_BRIEF_:
Word-for-word repetition of the records below is needed, but only from the line holding "Marvin Ávila hizo" through the final line, with pictures excluded.

_SUPPLIED RECORDS_:
*** Block opens ***

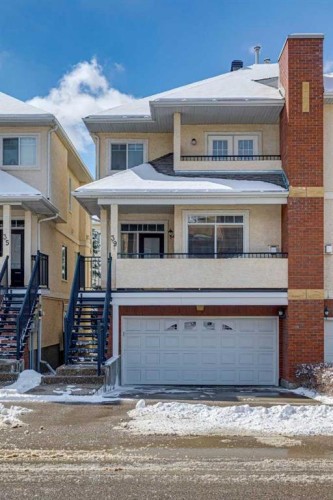 39 Sierra Morena Landing Sw, Calgary, AB - Outdoor With Facade
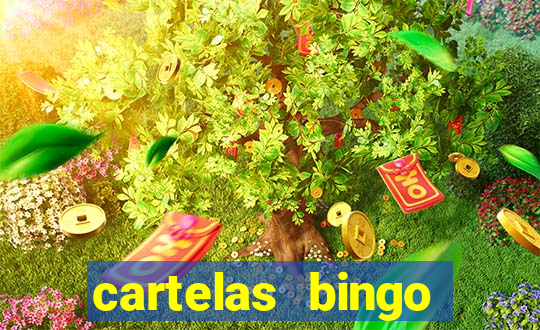 cartelas bingo imprimir gratis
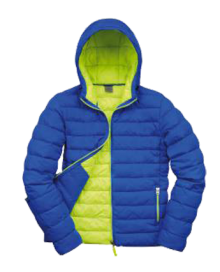 Ultralekka pikowana kurtka RESULT® Snow Bird dla pana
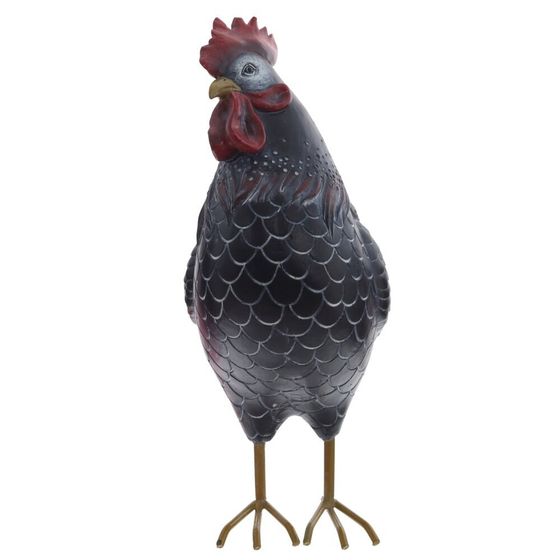 Фигурка декоративная &quot;Петух&quot;, L19,5 W10 H27 см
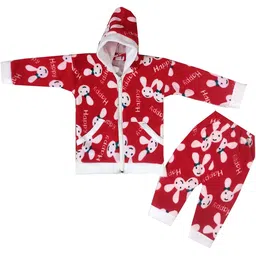 Fly Step Kid Printed Clothing Set-image-98
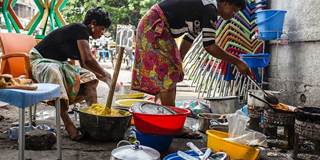 Women in Kinshasa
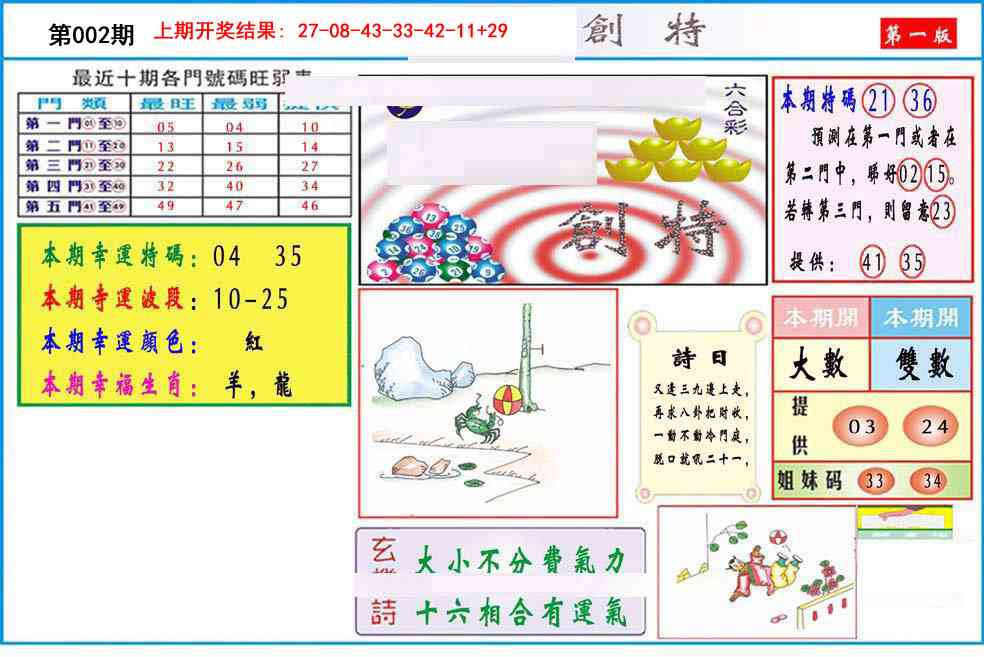 002期九龍创特A(推荐)[图]
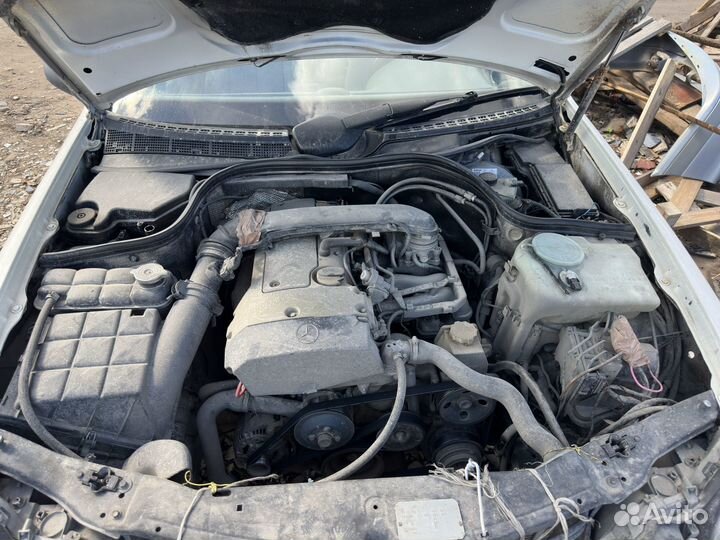 В разборе Mercedes CLK coupe 200 МКПП 1999г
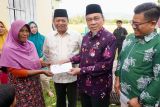 Wawako Maigus Nasir tinjau lokasi bencana angin puting beliung di Koto Tangah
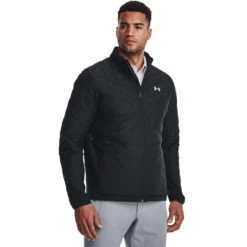 Under Armour Reactor Vlap Hybrid Golf Jacket 1364642 -Golf Clothing Store 1364642 002 FC
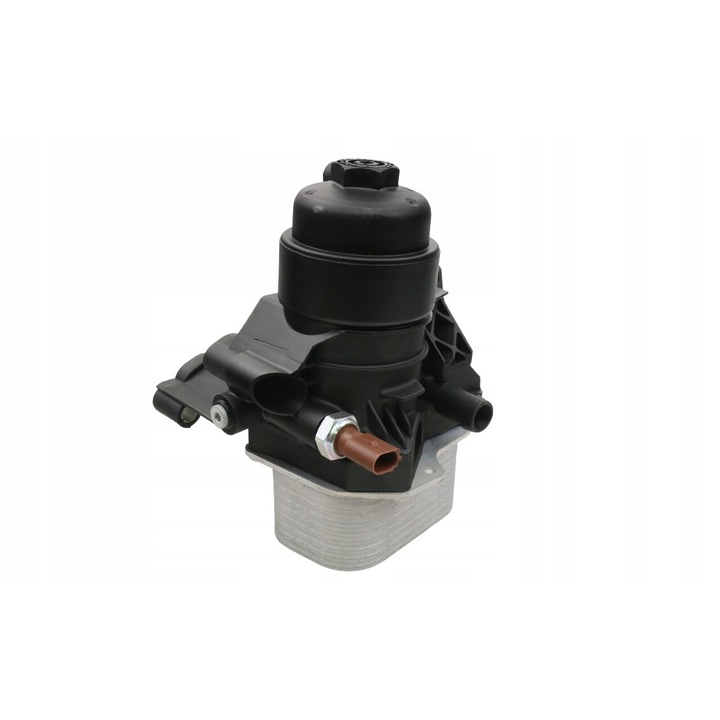 Fast olajhűtő VW Crafter 06-hoz, alumínium, 119x80x54mm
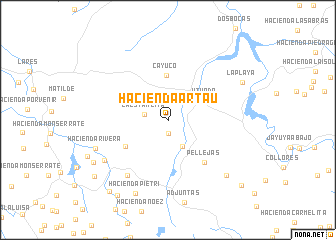 map of Hacienda Artau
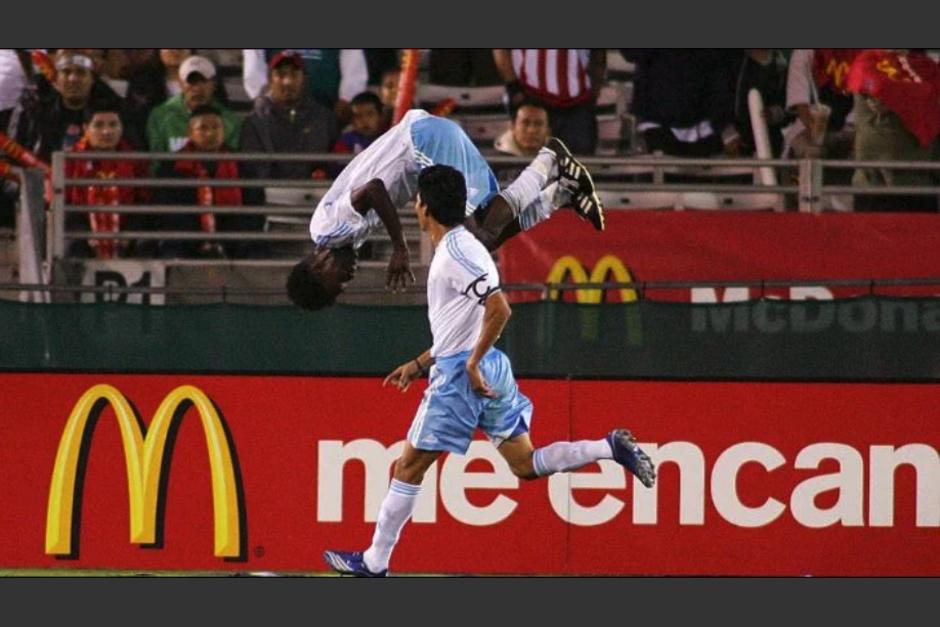Marvin Ávila hizo olvidar a Carlos Ruiz y se convirtió en el guía de la victoria de Guatemala ante México en octubre de 2007. (Foto: ESPN)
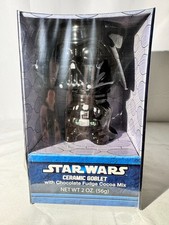 Star Wars Darth Vader Ceramic Goblet – Sealed Collectible Gift Set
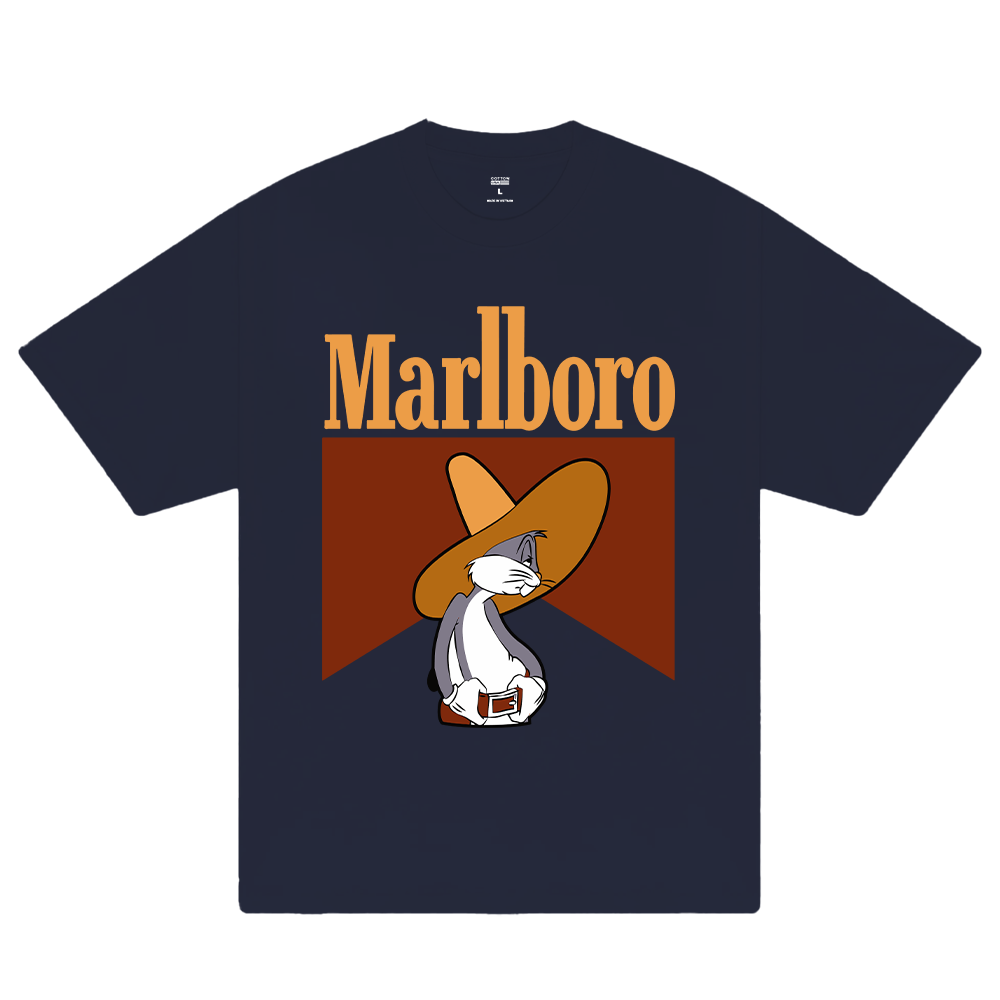 Marlboro Bug Bunny Cowboy T-Shirt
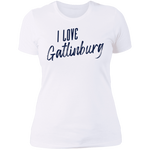 I Love Gatlinburg - Women's Tee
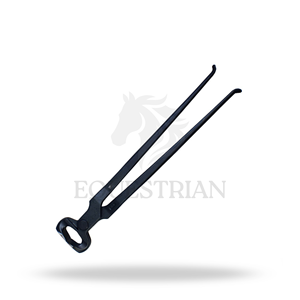 Pince à sabots réglable noircie de 15 pouces, durable et facile à utiliser, outil vétérinaire pour l'entretien et la coupe des sabots de cheval, usage équestre - Product Image 4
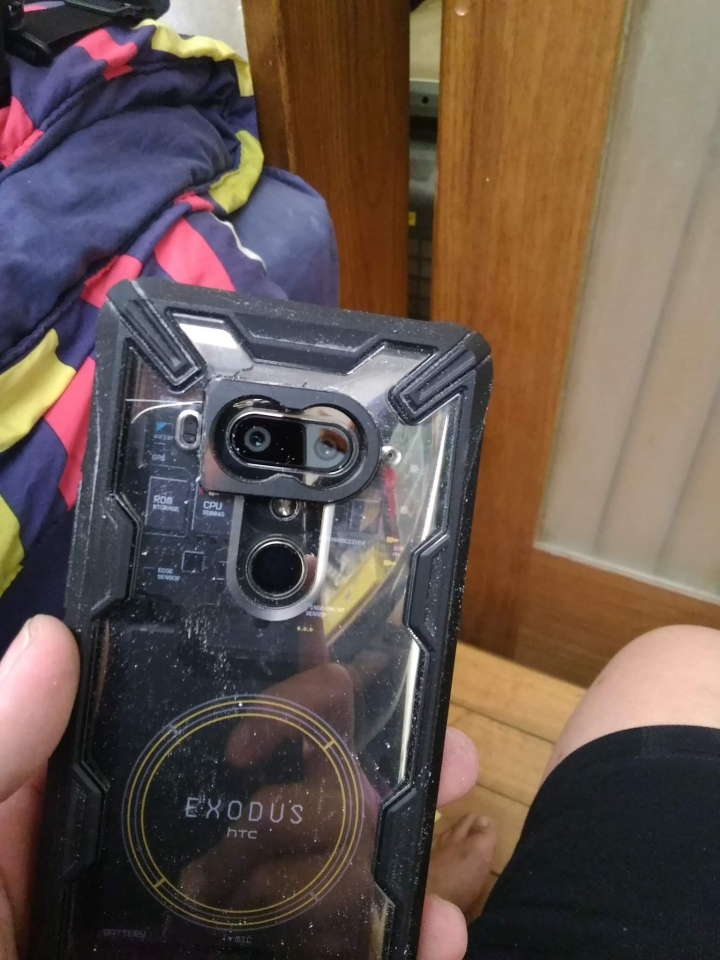 hTC EXODUS 1 大三元外掛鏡頭土炮改裝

*** Block closes ***

_WRITTEN ANSWER_:
Marvin Ávila hizo olvidar a Carlos Ruiz y se convirtió en el guía de la victoria de Guatemala ante México en octubre de 2007. (Foto: ESPN)
 Star Wars Darth Vader Ceramic Goblet – Sealed Collectible Gift Set
 Marlboro Bug Bunny Cowboy T-Shirt
 I Love Gatlinburg - Women's Tee
 Pince à sabots réglable noircie de 15 pouces, durable et facile à utiliser, outil vétérinaire pour l'entretien et la coupe des sabots de cheval, usage équestre - Product Image 4
 hTC EXODUS 1 大三元外掛鏡頭土炮改裝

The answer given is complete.